The present invetion combines advances in lithography and electromagnetic grating theory to produce highly efficient diffractive optical elements on planar dielectric or metallic substrates. The present invention includes the production of highly efficient (greater than 90%) and high quality (with precisions near .lambda./100) diffractive optical elements on planar dielectric or metallic substrates, using very large scale integration (VLSI) techniques which are currently used in the fabrication of integrated circuits (IC).
Diffractive optical elements have developed to the stage of becoming practical components of optical systems. These elements can not only replace conventional refractive and reflective elements but also, in many case, perform functions not even possible with conventional elements. Elements have been made to operate as CO.sub.2 laser beam shapers, laser beam multiplexers, and two-dimensional scanners, all uniquely suited to their application.
A number of independent developments (one in EM-optics theory, another in pattern lithography and a third in large scale dry reactive ion-etching techniques), have made it feasible to generate binary holographic gratings with blaze-like characteristics and near perfect efficiency.
Electromagnetic theory predicts that binary gratings with the proper parameters can achieve a first order diffraction efficiency of nearly 100% over wide wavelength bandwidths and field-of-views. If the periodicity of the grating is on the order of or smaller than the radiation wavelength, all of the orders become evanescent except for the zero and +1st orders. By choosing the depth to period ratio and duty cycle properly, the zero order can be suppressed as well, placing virtually all of the incident radiation into the remaining and 1st diffracted order.

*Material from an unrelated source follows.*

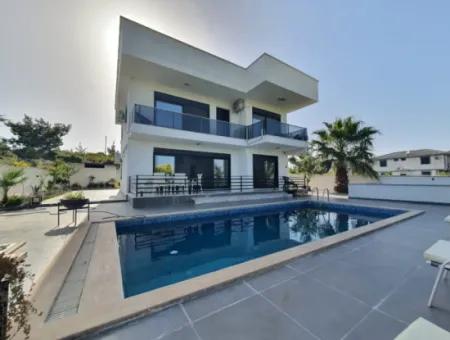 Didim'de Seyrantepede Satılık Havuzlu 4+1 Villa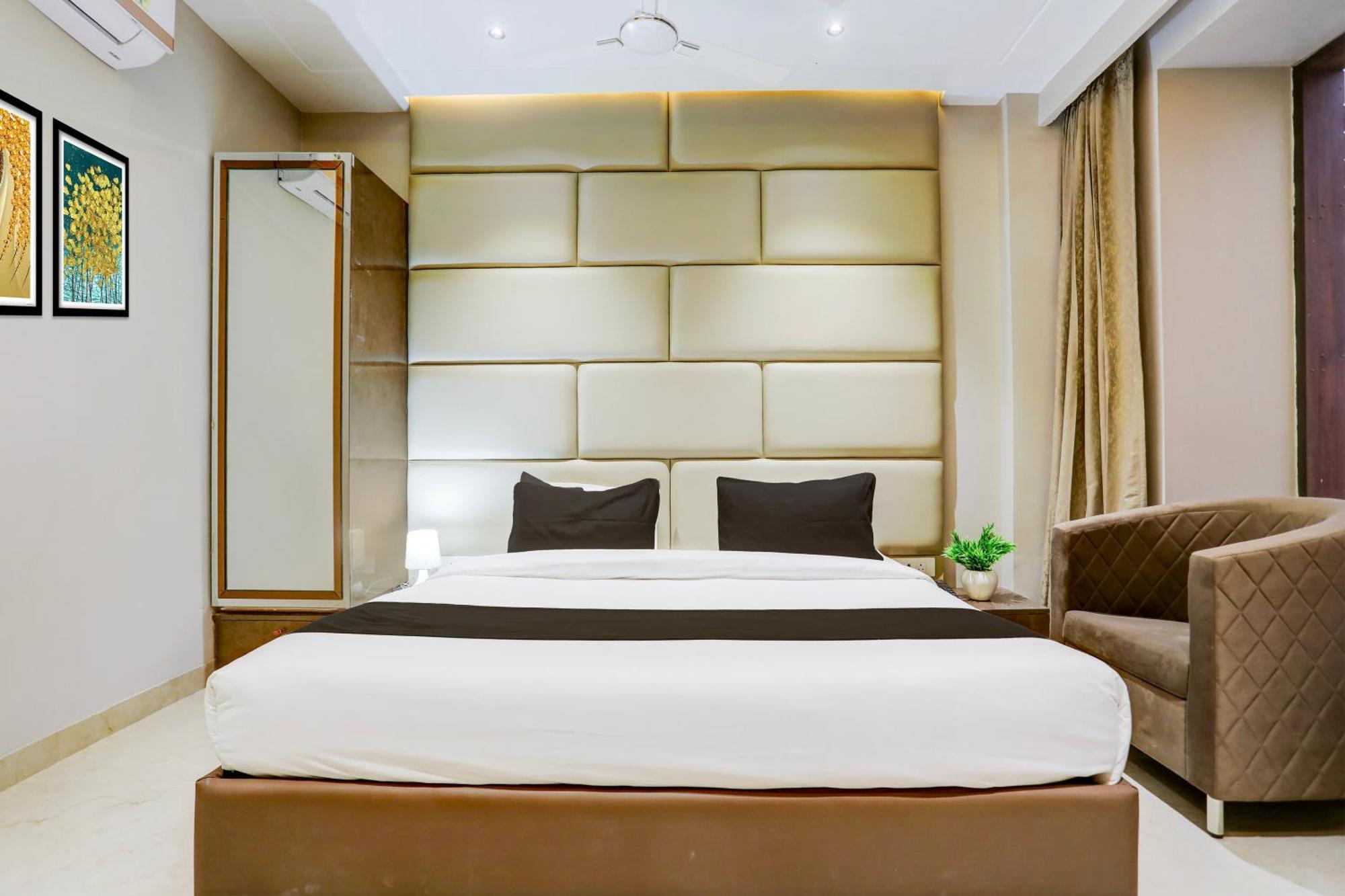 Hotel Super Collection O Belgacihia Near Kolkata Railway Station à Gwalior Extérieur photo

The diffraction efficiency exceeds the limits set by Fourier optics because of the large .lambda./T ratio (T=grating periodicity) which places the diffraction well into the EM-optics domain. Implicit in the Fourier optics assumptions are the Huygens' and Kirchoff's assumptions of scalar diffraction theory where light propagates unperturbed to various portions of the grating surface, then is specularly reflected, constructively or destructively interferes, and imposes the desired phase and amplitude modulation on the reflected wavefront. When the grating periodicity approaches the wavelength of the illumination, the concept, of these specular reflections no longer has any meaning. On these binary gratings operating in the EM dimension gratings all diffraction orders, except the plus-first an zeroth orders, can be made to disappear by diffraction into the substrate material. These suppressed or evanescent orders then will redistribute most of their energy into the remaining radiative order. Therefore, like conventionally ruled echelle-type gratings, where unwanted orders are suppressed by the asymmetry in the grating profile, these gratings behave in a blaze-like (single diffraction order) manner. The sole asymmetry in the use of these binary gratings is in their off-axis illumination. These gratings with their two-level (binary) laminary relief profile can be used with either transmissive or reflective substrate materials, provided the profile depth is chosen appropriately.
The large scale integration advances that allow IC fabrication techniques to be used to produce high efficiency optical elements include the high-resolution and high-accuracy lithographic pattern generation techniques such as projection printing, electron beam an X-ray writing. The improved accuracy and resolution in VLSI pattern generation and device fabrication have made it feasible to computer generate holographic masks with space-bandwidth products of 10.sup.10, or as high as 10.sup.12, half-micron linewidths and 100.ANG. line acuity.
The improvements in dry-etching techniques include ion bombardment and reactive ion etching, which the present invention uses in the production of optical elements. The great effort expanded by the integrated circuit industry has provided the capability to produce binary phase relief patterns with 0.5 .mu.m periodicities and 0.1 .mu.m accuracies over areas with 20 cm or more diameter. All of the above advances are prerequisites to using IC production techniques to fabricate highly efficient and high quality diffractive optical elements.
The present invention incorporates the developments mentioned above into the production of highly efficient diffractive optical elemntes on planar dielectric or metallic substrates. These optical elements operate in the EM domain when the grating spatial frequency (1/T) exceeds the spatial frequency of the illuminating wavefront, i.e., T.ltoreq..mu. and include infrared planar lenses and high speed scanners.
The use of high resolution computer generated lithography makes it possible to manufacture these optical elements (1) by electromagnetic diffraction theory to implement an efficient carrier relief profile, an (2) by use of conventional Fourier optics rules to place a spatial modulation on that carrier. In view of the foregoing discussion, it is apparent that the present invention includes a new method of manufacturing highly efficient diffractive holographic opitcal elements using VLSI techniques normally used in the fabrication of integrated circuits.